Wednesday, May 14, 2008

Static vs. Dynamic Languages

One permatopic across programming blogs is the good ol' static-vs-dynamic languages debate. Static languages (like C, C++, C#, C--, Java, etc.) require variables to have type declarations primarily to generate compiled code and secondarily to catch errors or emit warnings at compile time. Dynamic languages (like Perl, Python, PHP, Ruby, Tcl, Lisp, Scheme, Smalltalk, etc.) do away with all those needless keystrokes, allow programmers to be more productive, and generally aren't as dangerous as the C-programmers would have you believe. Furthermore, dynamic language programmers are quick to point out that any real program in a static language requires typecasting, which throws all of the "guarantees" out the window, and bring in all of the "dangers" of dynamic languages with none of the benefits.

However, this debate isn't limited to these opposite points of view. There's another perspective, which I heard from Mark-Jason Dominus about a decade ago: static typing in languages like C and Pascal isn't really static typing! (Correction: Mark actually said that "strong" typing in C and Pascal isn't really strong typing.)

The kind of static typing supported by C, its ancestors and its descendants, dates back to the 1950s and Fortran (or, rather FORTRAN, since lower case letters hadn't been invented yet). Type annotations in these languages are guides to the compiler in how much storage to allocate for each variable. Eventually, compilers began to emit warnings or compiler errors mixing variables of incompatible types (like floating point numbers and strings), because those kinds of operation don't make sense. If the irksome compiler gets in your way, you can always tell the it to shut up and do the operation anyway and maybe let the program crash at runtime. Or maybe silently corrupt data. Or maybe something completely different. None of which makes much sense, but there you go.

Modern static typing, on the other hand, uses a strong dose of the Hindley-Milner type inference algorithm to determine (a) what values a variable may contain and (b) prevent the use of incompatible values in expressions. Furthermore, Hindley-Milner prevents values being cast from one type to another on a whim (unlike C), and thus prevents odd runtime errors through abuse of the type system. This leads to an strong, unbreakable type system that is enforced by the compiler, and prevents a whole class of loopholes allowed by lesser type systems. Because types can be inferred, explicit type annotations aren't always needed, which leads to an interesting property: languages that are safer than "safe" static languages like C and Java, and programs that are free of those troublesome, noisy type declarations, just like dynamic languages.

Use of the Hindley-Milner type system comes to us through ML, and descendants like Haskell, OCaml, SML, F# and the like. It's such a good idea, that it's slowly making its way into new programming languages like Perl 6, Fortress, Factor, Scala, and future versions of C++, C#, and VB.Net.

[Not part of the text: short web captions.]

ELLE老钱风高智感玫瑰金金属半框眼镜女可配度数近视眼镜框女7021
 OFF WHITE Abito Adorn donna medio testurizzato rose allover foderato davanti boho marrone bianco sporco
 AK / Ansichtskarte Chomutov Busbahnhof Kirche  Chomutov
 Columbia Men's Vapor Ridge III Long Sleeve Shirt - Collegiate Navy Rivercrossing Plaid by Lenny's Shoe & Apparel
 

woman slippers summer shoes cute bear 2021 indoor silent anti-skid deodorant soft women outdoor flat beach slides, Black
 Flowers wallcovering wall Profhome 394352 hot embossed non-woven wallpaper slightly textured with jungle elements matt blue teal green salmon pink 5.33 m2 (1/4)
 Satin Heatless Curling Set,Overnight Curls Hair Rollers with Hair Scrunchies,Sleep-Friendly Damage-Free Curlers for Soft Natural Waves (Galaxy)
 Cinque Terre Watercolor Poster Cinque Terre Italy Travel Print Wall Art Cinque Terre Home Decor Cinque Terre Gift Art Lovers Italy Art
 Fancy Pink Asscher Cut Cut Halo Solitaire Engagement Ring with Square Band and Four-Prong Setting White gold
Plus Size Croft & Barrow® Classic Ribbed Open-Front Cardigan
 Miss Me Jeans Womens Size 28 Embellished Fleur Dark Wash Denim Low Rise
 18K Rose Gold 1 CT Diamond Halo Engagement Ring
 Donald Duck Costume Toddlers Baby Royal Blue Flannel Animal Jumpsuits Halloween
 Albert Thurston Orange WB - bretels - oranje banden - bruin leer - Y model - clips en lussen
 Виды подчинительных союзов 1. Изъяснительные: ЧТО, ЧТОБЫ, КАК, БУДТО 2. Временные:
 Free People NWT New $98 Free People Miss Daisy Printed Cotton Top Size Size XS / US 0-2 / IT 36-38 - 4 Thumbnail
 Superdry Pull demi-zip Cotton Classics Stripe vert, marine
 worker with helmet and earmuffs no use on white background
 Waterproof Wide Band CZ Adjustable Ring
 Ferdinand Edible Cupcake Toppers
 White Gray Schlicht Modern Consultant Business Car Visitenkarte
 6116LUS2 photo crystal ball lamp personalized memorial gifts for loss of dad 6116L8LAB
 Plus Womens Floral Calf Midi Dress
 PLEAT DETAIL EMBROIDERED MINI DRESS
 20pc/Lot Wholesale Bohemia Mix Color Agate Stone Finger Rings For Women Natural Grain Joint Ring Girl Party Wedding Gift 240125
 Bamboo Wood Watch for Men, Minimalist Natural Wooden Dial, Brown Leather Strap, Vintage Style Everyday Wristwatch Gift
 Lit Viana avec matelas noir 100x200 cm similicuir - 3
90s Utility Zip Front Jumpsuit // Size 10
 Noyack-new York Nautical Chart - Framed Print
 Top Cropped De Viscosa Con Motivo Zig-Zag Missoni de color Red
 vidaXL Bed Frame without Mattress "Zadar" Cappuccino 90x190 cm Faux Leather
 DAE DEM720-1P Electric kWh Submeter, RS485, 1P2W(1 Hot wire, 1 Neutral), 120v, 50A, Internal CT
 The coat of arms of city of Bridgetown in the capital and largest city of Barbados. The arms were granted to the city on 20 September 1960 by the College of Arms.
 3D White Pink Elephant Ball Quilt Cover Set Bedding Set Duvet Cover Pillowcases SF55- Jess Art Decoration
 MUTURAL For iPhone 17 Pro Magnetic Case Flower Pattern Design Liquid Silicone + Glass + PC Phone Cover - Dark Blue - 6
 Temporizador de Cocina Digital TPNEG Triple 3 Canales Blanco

So, really, the whole static-vs-dynamic languages debate is both misleading and moot. It's misleading, because it's not about static vs. dynamic typing, it's about weak compile-typing vs. runtime-typing. It's moot, because the writing is on the wall, and weakly typed languages are on the way out, to be replaced (eventually) by strongly-typed languages of one form or another. (It also tends to be a meaningless "debate", because it's typically a shouting match between C/C++/Java/etc. acolytes who are uncomfortable with Perl/Python/Ruby/etc., and Perl/Python/Ruby/etc. acolytes who have a strong distaste for C/C++/Java/etc., and neither group has a hope of persuading the other.)

Normally, I would avoid topic entirely, but today, I couldn't resist. Steve Yegge posted a transcription of his talk on dynamic languages, where he covers both sides of the debate, and moves beyond the two-sides-talking-past-each-other and uncovers the core issues. He covers the meat of the discussion, not the typical push-button issues that go nowhere and convince no one. (I think he misses the point behind Hindley-Milner, but that's an insignificant side issue.)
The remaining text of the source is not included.